- [What is required]:
Starting with the line that has "Желтый Мерседес Sprinter, объемом" in the records below and ending with the line that has "2020 Maruti Ertiga", output those lines exactly and nothing more; omit the pictures.

- [Listed entries]:
━━━━━━━━━━━━━━━━━━━━

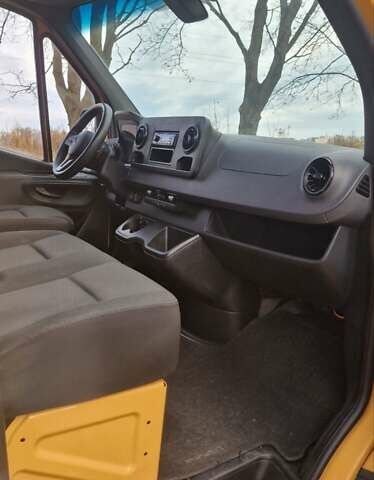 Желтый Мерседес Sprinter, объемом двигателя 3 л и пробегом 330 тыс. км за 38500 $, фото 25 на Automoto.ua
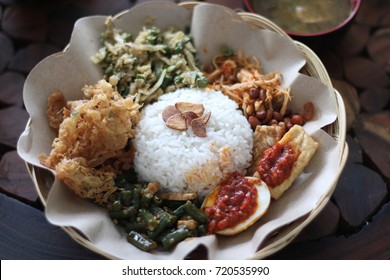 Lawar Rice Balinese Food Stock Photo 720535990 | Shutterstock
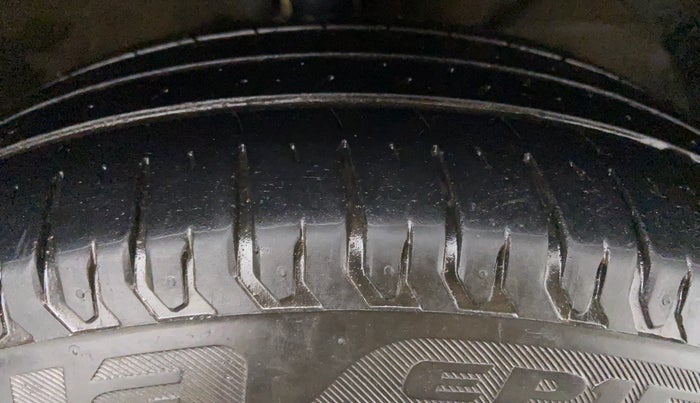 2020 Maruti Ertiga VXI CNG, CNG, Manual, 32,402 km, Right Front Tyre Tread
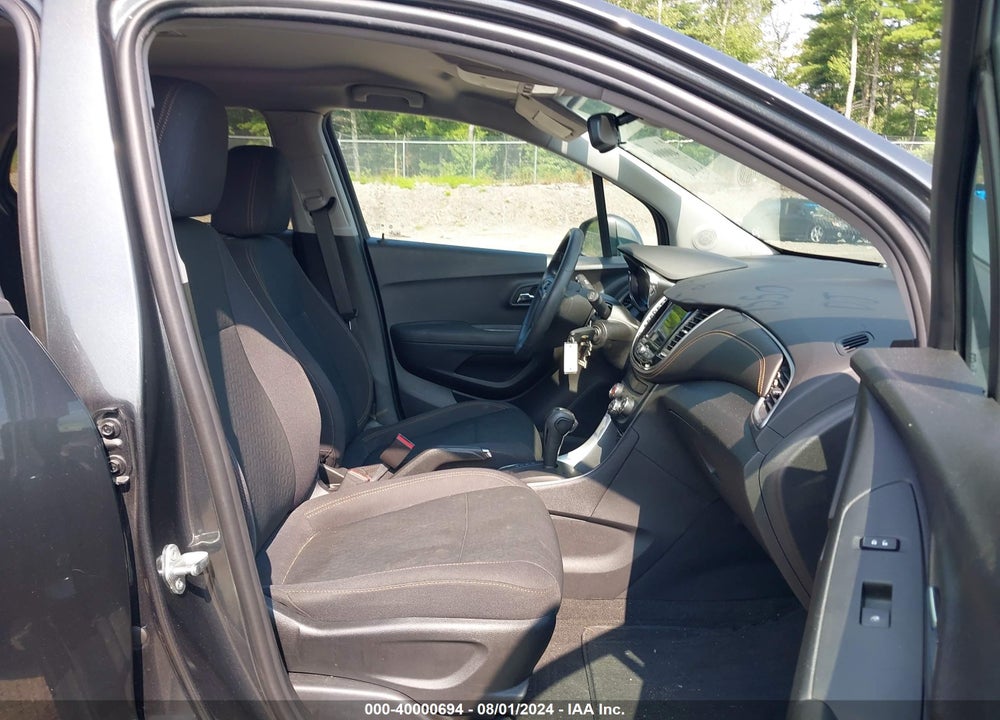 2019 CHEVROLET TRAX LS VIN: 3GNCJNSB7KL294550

━━━━━━━━━━━━━━━━━━━━

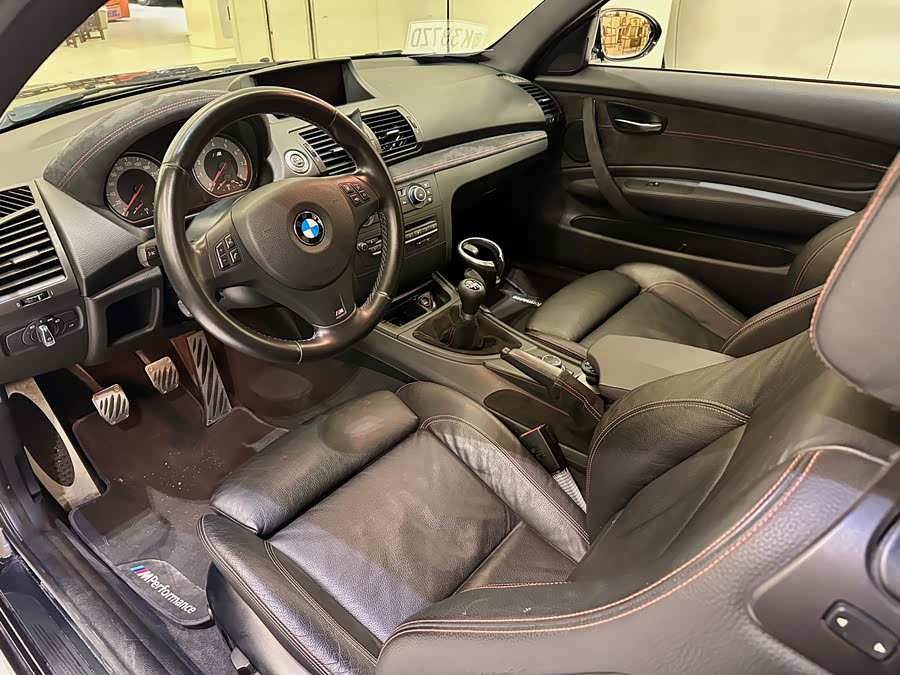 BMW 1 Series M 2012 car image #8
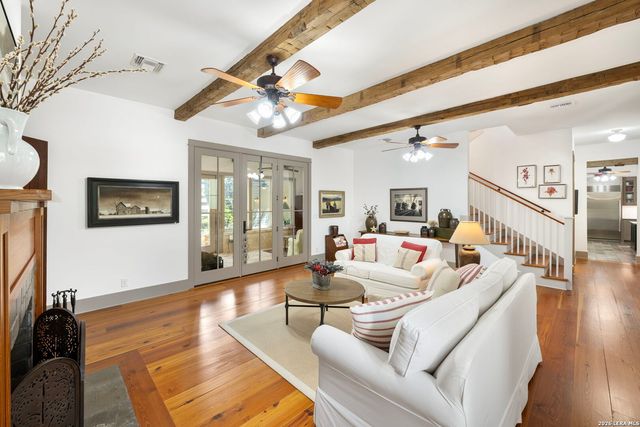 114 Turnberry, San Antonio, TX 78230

━━━━━━━━━━━━━━━━━━━━

- [Answer space]:
 Желтый Мерседес Sprinter, объемом двигателя 3 л и пробегом 330 тыс. км за 38500 $, фото 25 на Automoto.ua
 Lawar Rice Balinese Food Stock Photo 720535990 | Shutterstock
 2020 Maruti Ertiga VXI CNG, CNG, Manual, 32,402 km, Right Front Tyre Tread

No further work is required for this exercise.